No noticeable diff, whole maryann is still 4.8GB
Thanks Bill.
Went to bed at 1:50, up to pee at 5:20, its back again. Since sent-mail was the biggest, I went to the OldMail dir wih mc and created a new old.sent.mail/cur there and moved the first half of the first year of sent-mail/cur to it.
stopped kmail renamed/moved sent-mail/cur to old.sent.mail/gene made a new sent-mail/cur copied old.sent.mail/gene* to sent-mail/cur/ deleted old.sent.mail.gene
This should have given a newer, shorter directory with no blank spots from me moving stuff early in the directory out, leaving tons of empty space.
Restarted kmail, which took a long time to open its gui but hasn't crashed yet. The regenerated sent-mail/cur now has a much shorter set of index files.

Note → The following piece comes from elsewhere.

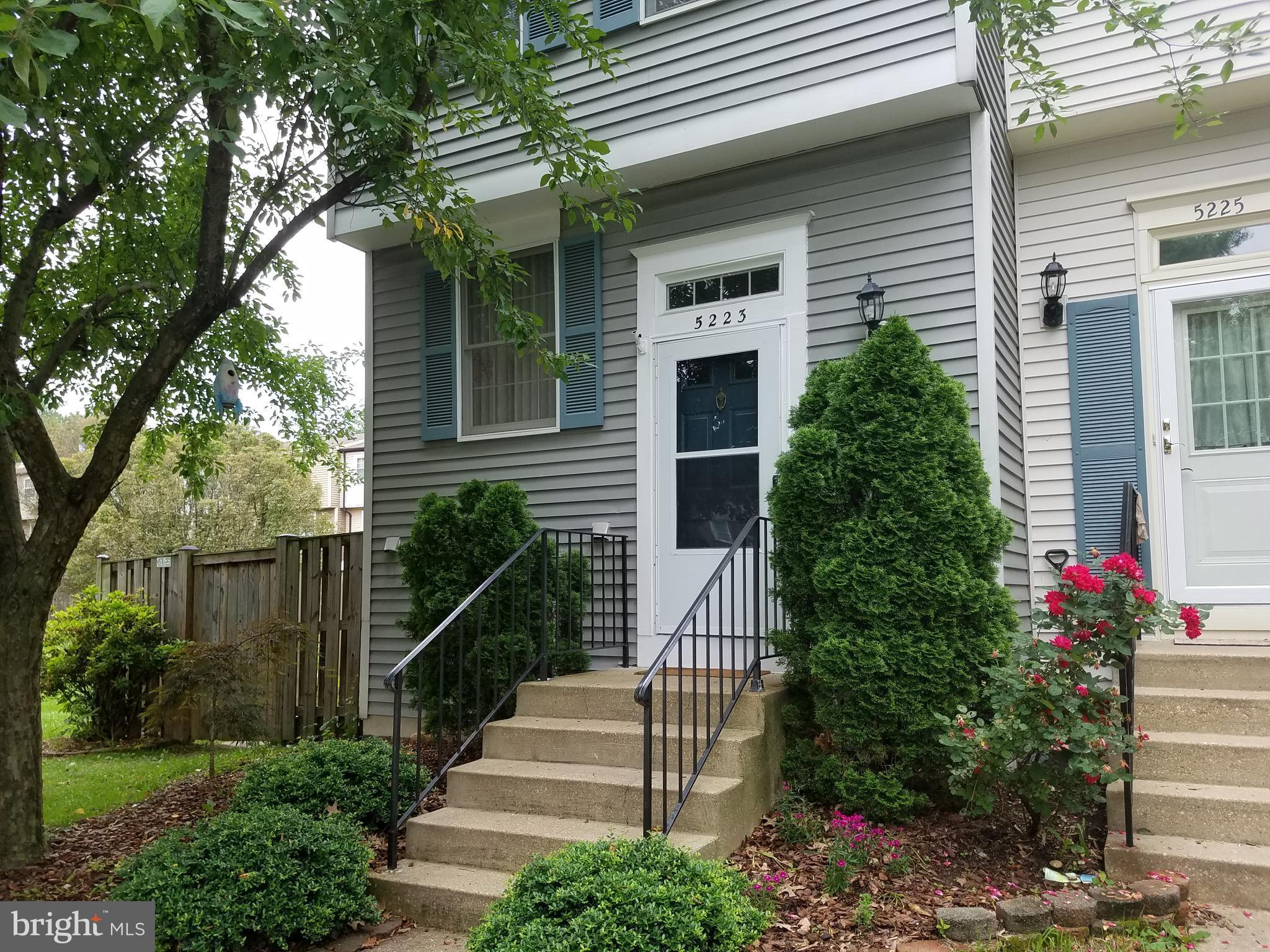 Corner unit with a beautiful back yard.  Priced to sell.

And it indexed it once and shut the indexing off, but must have had to think about it as it just started up again. And I think what I'm seeing now for an ls -la Mail is from the cache, no files dates have changed in 6 minutes, but its still hammering away. And finally, after 14 minutes, updated the times of the debian folders index's. At this rate, probably another 30 minutes to do the 2nd full scan.
I am reading each cores temp individually with gkrellm and its switching cores when the individual core hits 50C.
I think if this helps, I probably should do the cur rewrite to shorten the dir file as above on all the curs that have been divided into subdirs.
But, I don't think it helped. Its still hammering away, but hasn't updated an index file in over 20 minutes. I may as well send this and go catch up on my sleep.